Up to the present, the MDP definition of acceleration decision for the autonomous following problem has been developed. Weight updating rules have been derived for the actor and critic networks of the NDP algorithm. With these preparations, the training process of the two networks can be started. Action value function Q(s, a) and action policy π(s, a) for the acceleration decision problem will be approximated and improved gradually.

Acceleration tracking

Acceleration tracking is the consequent phase after the acceleration decision, which realizes the determined acceleration for the follower vehicle with proper control of throttle and brake. In this article, we assume that the transmission keeps unchanged all along. The acceleration tracking is implemented with an internal model control (IMC) structure, which is proposed for the speed tracking control of autonomous land vehicles in our previous work.³⁹ In this section, IMC structure and the design of our acceleration tracking controller are introduced in detail.

The IMC method relies on the internal model principle which indicates that accurate control can be achieved only if the control systems encapsulate some representation of the plant to be controlled.⁵³ Thus, IMC is a model-based method, and the basic structure is illustrated in Figure 5. The control command u is derived by the controller, which is always the inverse model of the plant to be controlled. Meanwhile, a forward model of the plant is utilized to identify the noise introduced into the system by either internal or external sources. The difference between outputs of the actual plant and the forward model is fed back to the reference as an input to the controller.

Figure 5.

Basic IMC structure. IMC: internal model control,

In our problem, the control reference is the follower’s acceleration. If we assumed that the mass of the vehicle is unchanged, then the acceleration equivalent to tractive force and the feedback acceleration deviation can be directly compensated to the reference acceleration. Thus, the IMC structure is suitable for the acceleration tracking problem. The IMC structure for acceleration tracking is illustrated in the blue dashed block in Figure 2.

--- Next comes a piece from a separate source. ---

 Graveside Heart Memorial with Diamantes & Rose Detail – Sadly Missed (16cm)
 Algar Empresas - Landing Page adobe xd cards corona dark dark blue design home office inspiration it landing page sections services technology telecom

The longitudinal system of land vehicles is composed of the engine, transmission, tires, and so on.⁵⁴ Due to the strong nonlinear and obvious delay characteristic, it is difficult to found the mechanistic model. Thus, a nonparametric longitudinal dynamic model is utilized in the IMC acceleration tracking structure. According to the intuitive experience that certain throttle or brake applied to the vehicle at different vehicle speeds will obtain different accelerations, we regard the longitudinal system as a black box and formulate the relationship between the current speed v_c , current control input u, and the next acceleration a as

a = F (v_{c}, u)

To measure the vehicle’s response to different control inputs and establish the nonparametric model,¹³ off-line experiments are taken in the reference environment with flat, straight, and level roads. Details about collecting the longitudinal response data of the vehicle can be found in the study by Wang et al.³⁹

Simulations and discussions

To validate the performance of the proposed method, experiments are carried out on our simulation platform, which is constructed based on the high-fidelity vehicle dynamic simulator, CarSim. As a well-recognized tool in the automotive industry, CarSim can deliver accurate, detailed, and efficient methods for simulating the performance of passenger vehicles.⁵⁵ Our longitudinal controller is implemented with MATLAB and exchanges data with the vehicle simulation solver by the provided API.⁵⁶

Before the learning process starts, structures of the actor and critic networks should be defined clearly. In this article, both actor and critic adopt feedforward neural networks with three layers. Ten neural nodes are set to the hidden layers for the two networks. Activation functions of hidden and output nodes in the actor network are with sigmoid type. Hidden nodes of the critic network are also set as the sigmoid-type activation function. While activation functions of the output nodes in the critic network are with linear type. Both the learning rates α_t and β_t for the two networks are set as 0.01. Discount factor γ which balances the immediate and long-term rewards is set as 0.9. All weight parameters are initialized randomly before training begins.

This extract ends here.